» Action item: Nothing but the lines below from the one that contains "2-in-1 USB Misting" through the one that contains "Подарочный 3D мешок" should be retyped, exactly and including both ends. Do not include pictures.
******************************
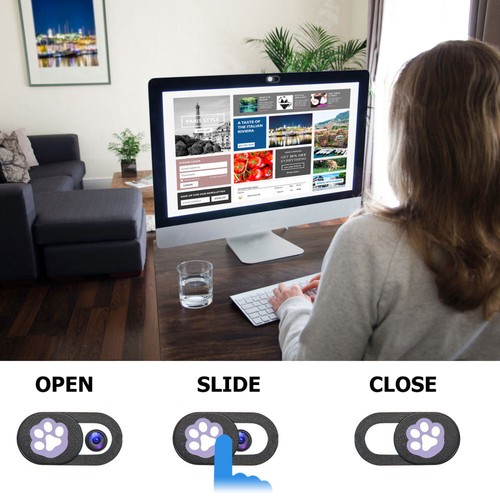 6 PCS Webcam Cover Slide Anti-hacking Webcam Cover Paw Pattern - Afbeelding 6 van 12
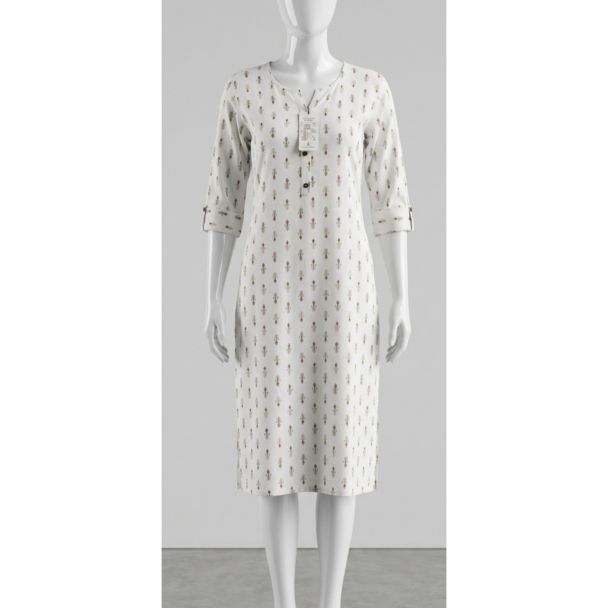 Women's White Floral Rayon Kurti India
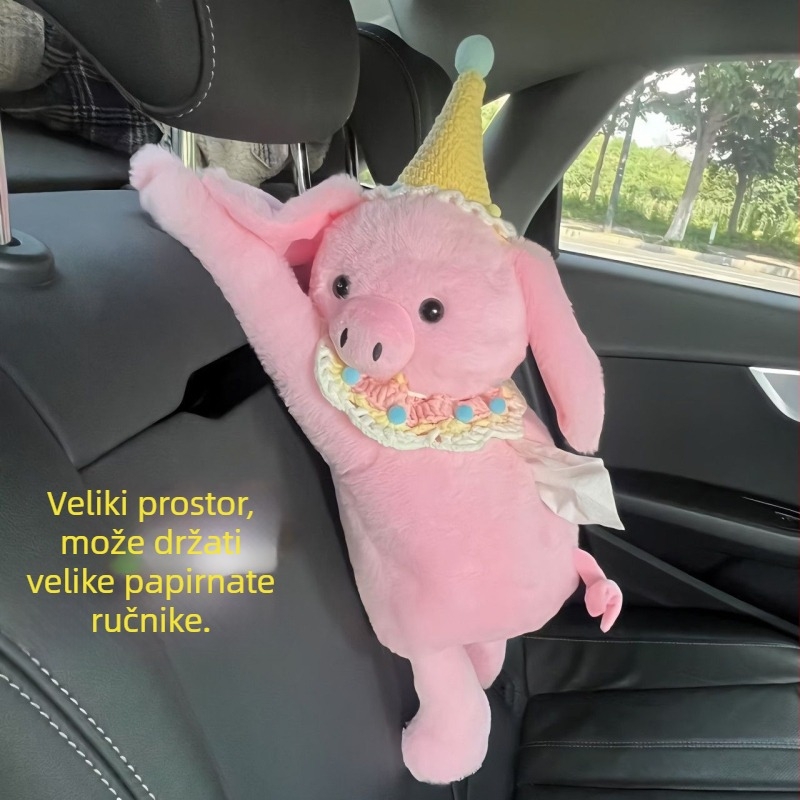 G5U Kutija za maramice za auto – plišana, viseća, crtani dizajn, velik kapacitet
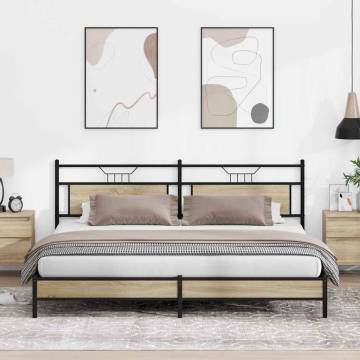 Metal Bed Frame Sonoma Oak 200x200 cm - Durable & Stylish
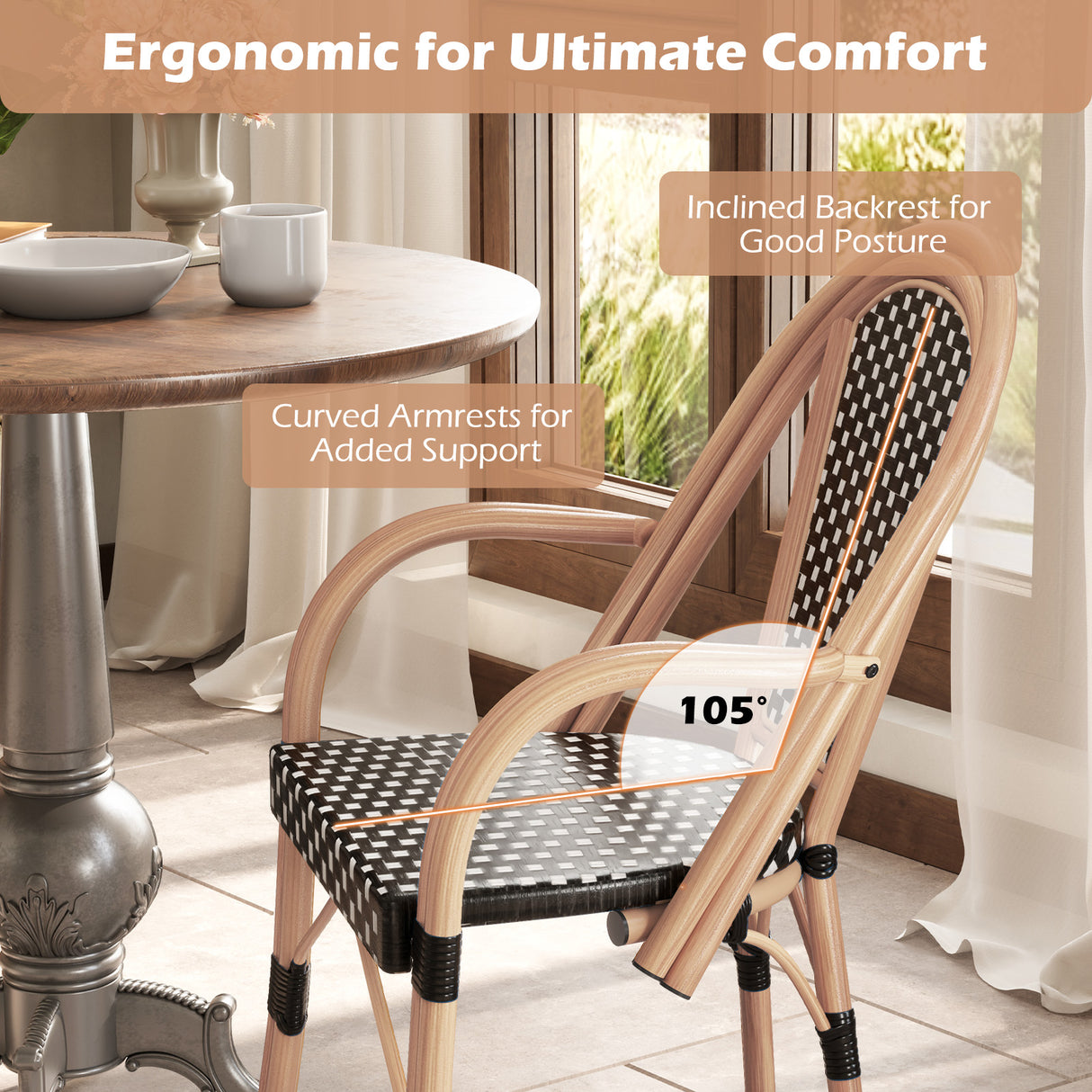 Hand-Woven PE Wicker Outdoor French Bistro Chairs Set of 2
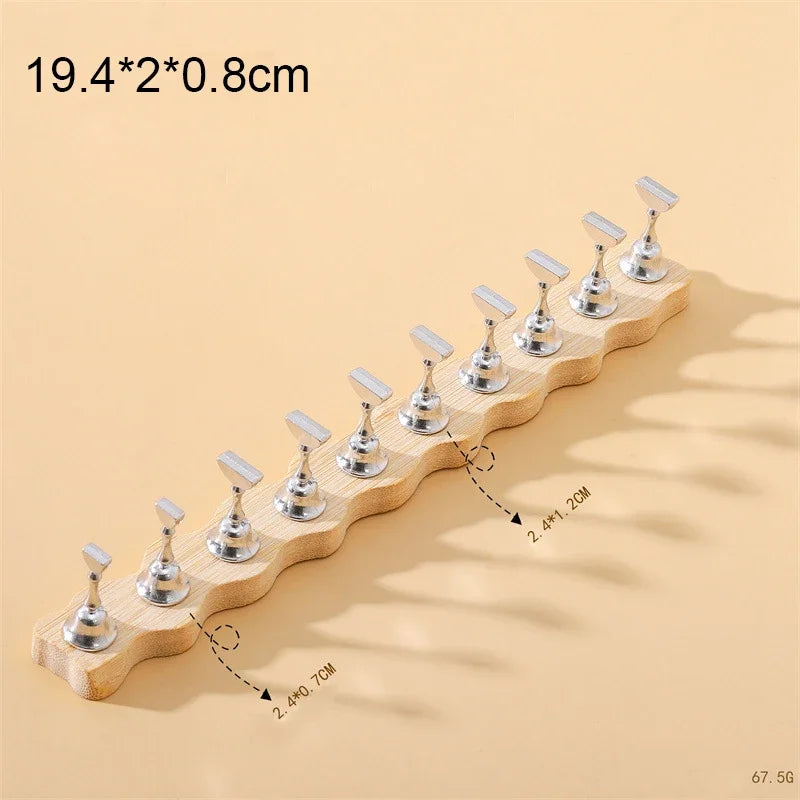 10/5Pcs Transparent Aurora Nail Stand Magnetic False Nail Tips Holder Press on Nails Display Rack Acrylic Nail Painting/Training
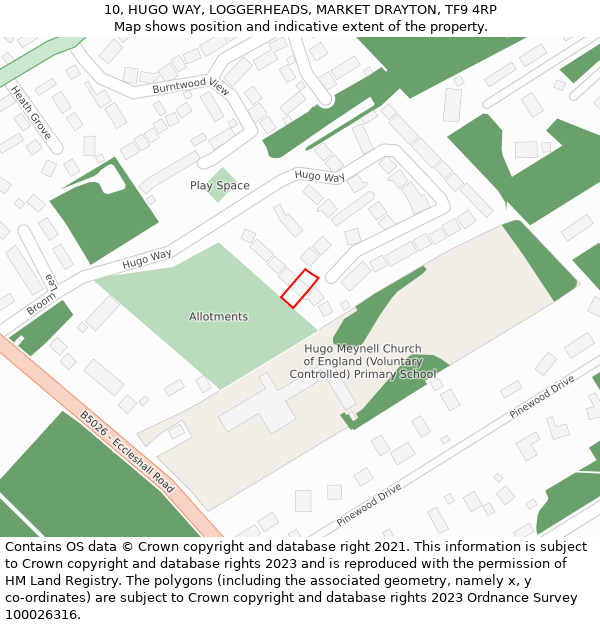 10, HUGO WAY, LOGGERHEADS, MARKET DRAYTON, TF9 4RP: Location map and indicative extent of plot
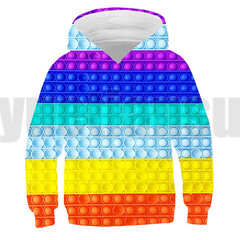 (POPit25-Kids-110 (4T)） 3D naljakad riided, anime POP It Hoodie, meeste ülisuur kampsun цена и информация | Свитеры, жилетки, пиджаки для мальчиков | kaup24.ee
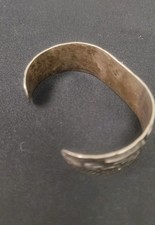 Vintage Fred Harvey Era Navajo Estate Jewelry Thunderbird Stamped Cuff Bracelet - Additional view 5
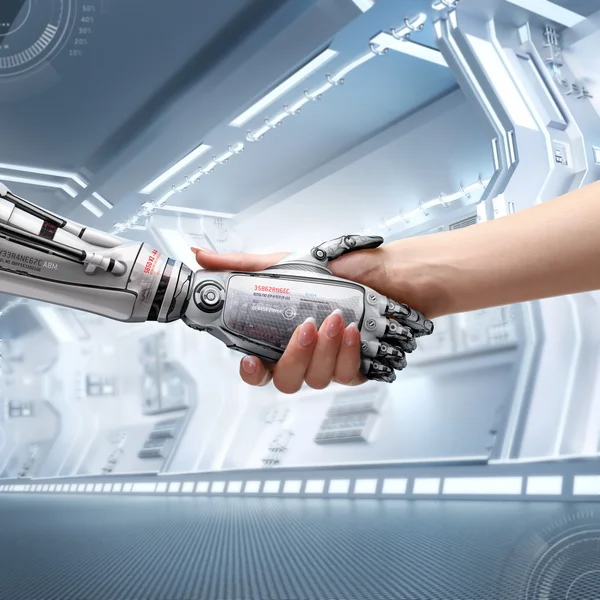 Female human and robot's handshake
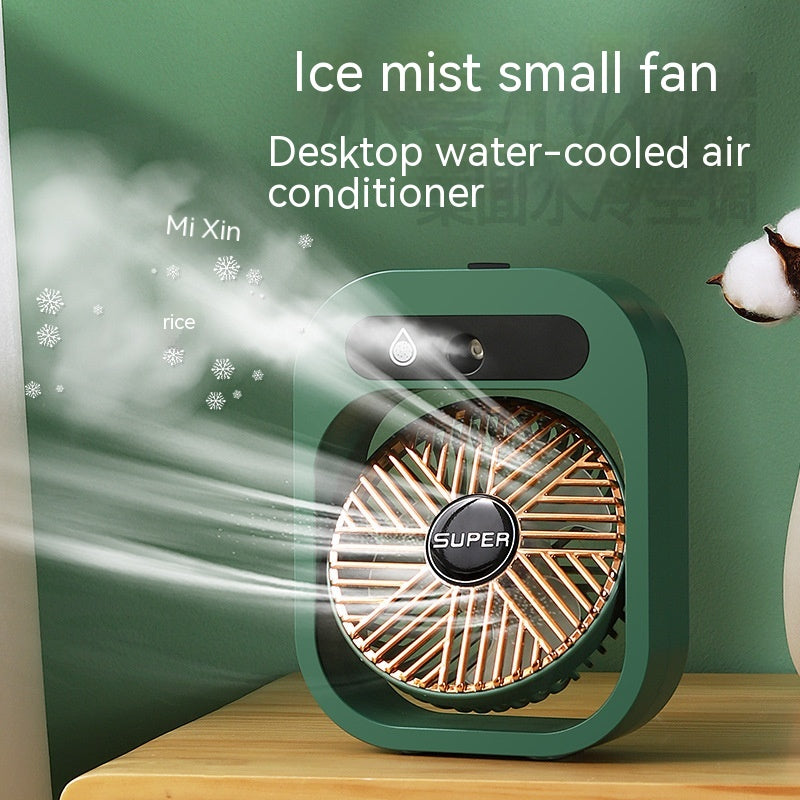 2-in-1 USB Misting Fan & Humidifier — 3 Speed Desk Spray Cooling Fan Green/White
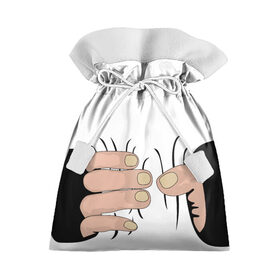 Подарочный 3D мешок с принтом Hand в Петрозаводске, 100% полиэстер | Размер: 29*39 см | Тематика изображения на принте: hand | иллюстрация | обхват | прикол | руки | сжал | сжатие | юмор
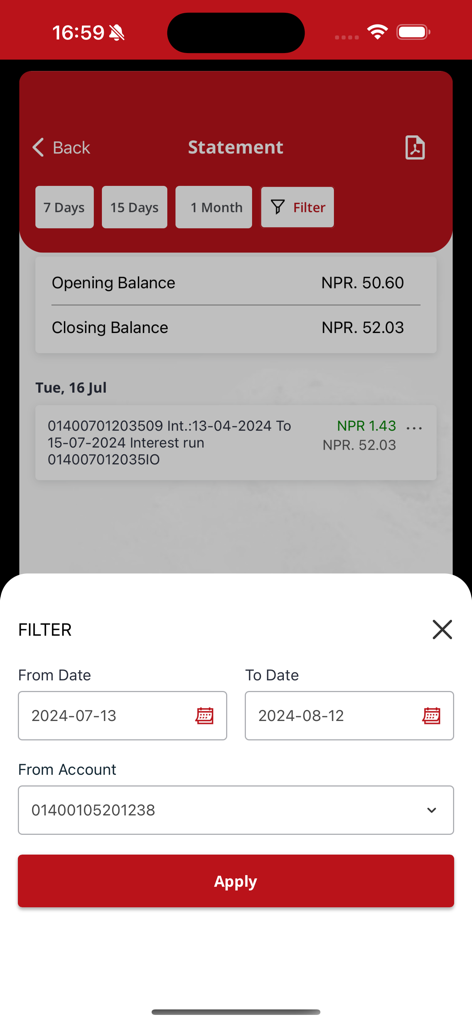 EBL Mobile Banking - EBL Mobile Banking app statement screen with a transaction filter menu and account balance summary in NPR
******************************
» Result:
 2-in-1 USB Misting Fan & Humidifier — 3 Speed Desk Spray Cooling Fan Green/White
 Подарочный 3D мешок с принтом Hand в Петрозаводске, 100% полиэстер | Размер: 29*39 см | Тематика изображения на принте: hand | иллюстрация | обхват | прикол | руки | сжал | сжатие | юмор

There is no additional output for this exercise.